Evidence from case–control studies (the largest consisting of 155 cases) has recently accumulated that parental smoking may be associated with hepatoblastoma. Six studies examined maternal and/or paternal smoking before conception and during pregnancy and although the associations differed with respect to the time period and parent conferring risk (5–10), three studies reported significant ORs ranging from 2.1 to 4.7 (6, 8, 9). On the basis of results from some of these studies, the International Agency for Research on Cancer (IARC) recently classified hepatoblastoma as a tobacco-related cancer (11).

Although alcohol indisputably contributes to liver cancer in adults, little evidence has been generated about a potential association between maternal alcohol use and hepatoblastoma. Two small case–control studies and one case report have considered the possibility of an association, but results were not significant (7, 12, 13). Because byproducts and metabolites of alcohol are known or suspected carcinogens (14), and are known to cross the placenta (15, 16), further investigation in a larger study is warranted.

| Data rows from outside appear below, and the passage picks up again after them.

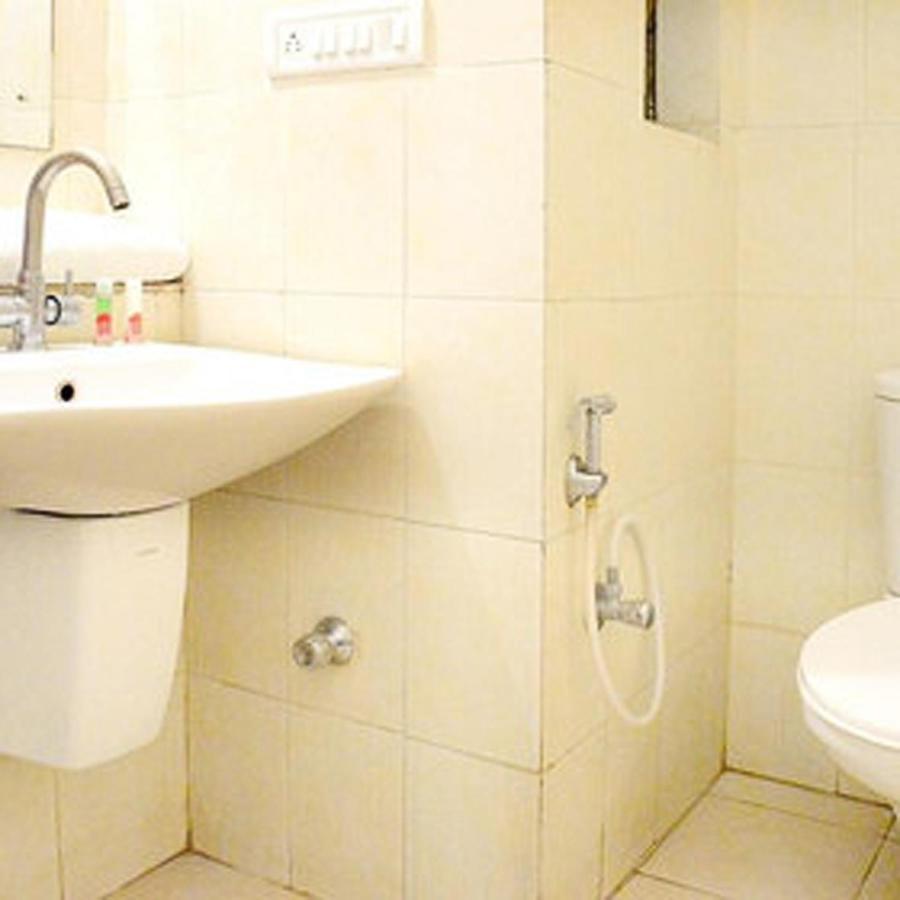 Sasti Hotel Palani מראה חיצוני תמונה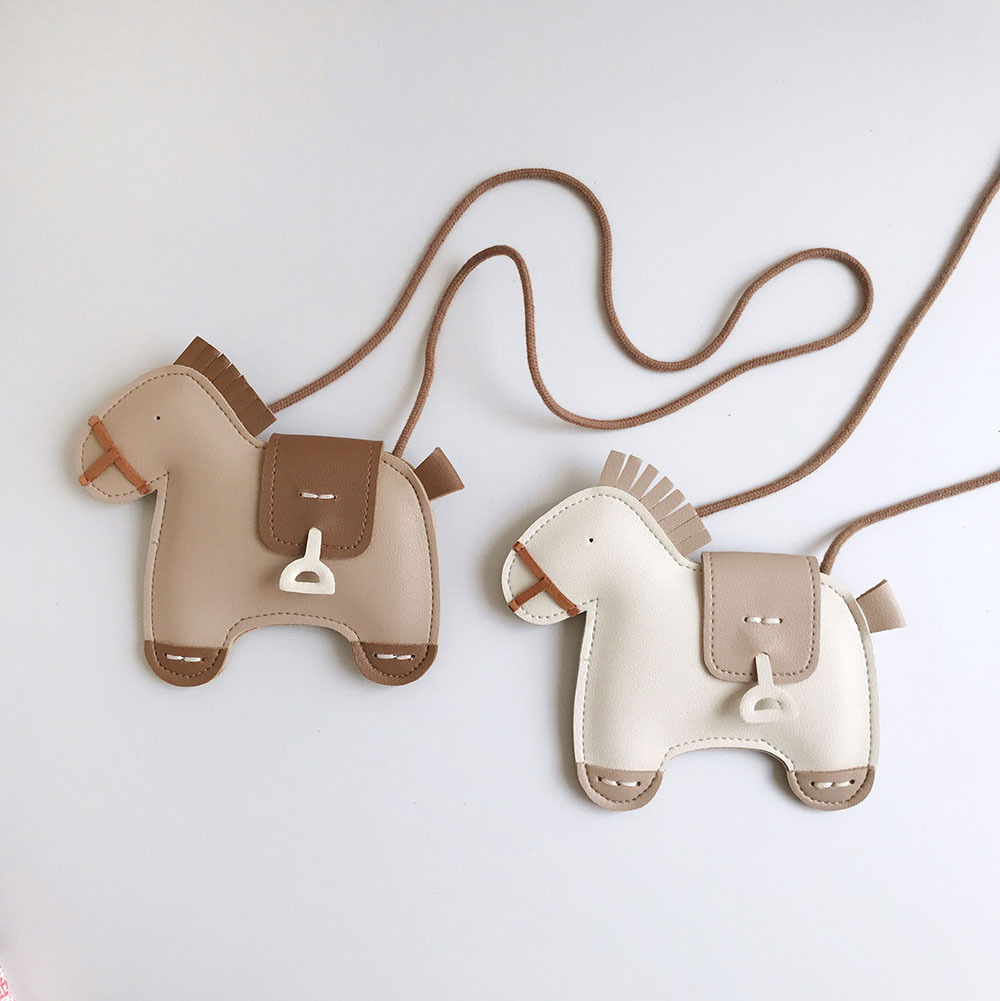 2024新型★子供用バッグ★ショルダーバッグ★2色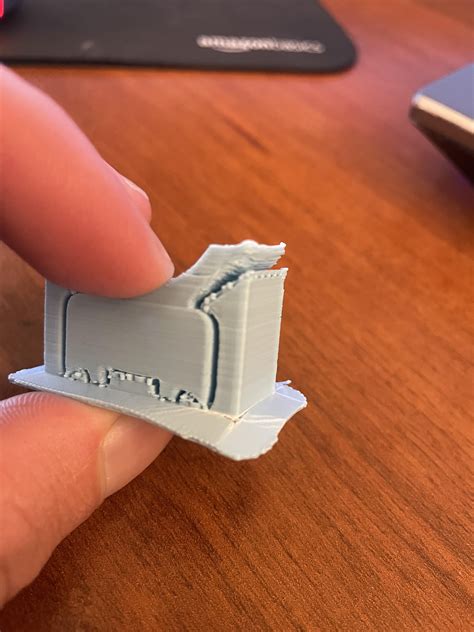 Suddenly getting a massive gap to my supports which is causing warping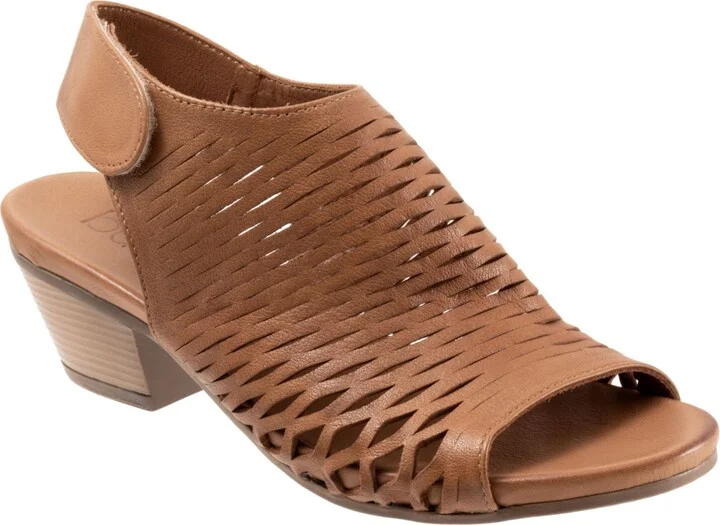 Bueno Lacey Pump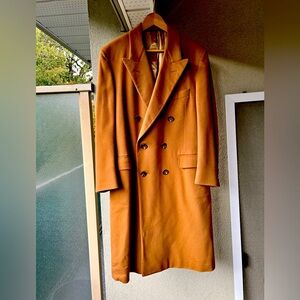 Camel Cashmere Overcoat Made in Canada Size 42 Samuelsohn Brand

Here, we examined parental tobacco and alcohol use before and during pregnancy in the largest case–control study of hepatoblastoma to date.

Study population

Characteristics of the study population and design have been previously reported (17, 18). Cases were identified through the Children's Oncology Group (COG). Controls were identified through 32 U.S. birth registries and frequency-matched to cases on birth weight (<1,500, 1,500–2,500, and >2,500 g), gender, birth year, and region. After informed consent, participating mothers completed a computer-assisted telephone interview that gathered information about events and exposures around the time of pregnancy. Eligibility criteria for cases included having confirmed diagnosis of hepatoblastoma from a United States COG institution between 2000 and 2008, diagnosis before the age of 6 years, being born in the United States, and having an English- or Spanish-speaking birth mother available for a phone interview. Deceased cases were eligible for inclusion. Controls were eligible if born in the United States between 1994 and 2008, and if they had an English- or Spanish-speaking birth mother available for a phone interview.

Variables

We focused on interview questions about parental use of tobacco and alcohol. Specifically, we examined four questions assessing mothers' tobacco-smoking habits (any history of smoking one cigarette or more; smoking within the year before pregnancy; smoking early in pregnancy before knowing about pregnancy; and smoking during pregnancy, up until giving birth) and four questions assessing their alcohol-drinking habits (any history of consuming at least two drinks per month for 1 year or more; drinking within the year before pregnancy; drinking early in pregnancy before knowing about pregnancy; and drinking during pregnancy, up until giving birth). We derived new variables to examine dose response for maternal cigarette smoking. For three time periods (within the year before pregnancy; early in pregnancy before knowing about the pregnancy; and during pregnancy, up until giving birth), we considered the effects of no smoking, smoking fewer than 10 cigarettes per day, smoking between 10 and 14 cigarettes per day, and smoking 15 or more cigarettes per day. We also analyzed fathers' smoking habits that were reported by the study subject's mother (smoking within the year before the index pregnancy; smoking during the index pregnancy). We did not collect data on paternal drinking or paternal cigarettes per day. Finally, we derived new variables to consider the combined effect of both parents smoking 1 year before the index pregnancy and during the pregnancy.

Statistical analyses

All statistical analyses were conducted using Statistical Analysis Software version 9.3 (SAS Institute, Cary, NC). Adjusted ORs and 95% confidence intervals (CI) were calculated using logistic regression. Associations between hepatoblastoma and parental smoking and alcohol exposures were modeled separately. All models were adjusted for the matching variables (index child's birth weight, year of birth, and sex) as well as maternal race and educational attainment. Subjects with missing data were excluded from analyses. Effect modification on the multiplicative scale was evaluated in logistic regression models by including an interaction term for the exposure and the third variable of interest. Wald χ2 tests were used to evaluate the statistical significance of main effects and interaction terms. Associations were considered statistically significant at a P value 0.05 or less.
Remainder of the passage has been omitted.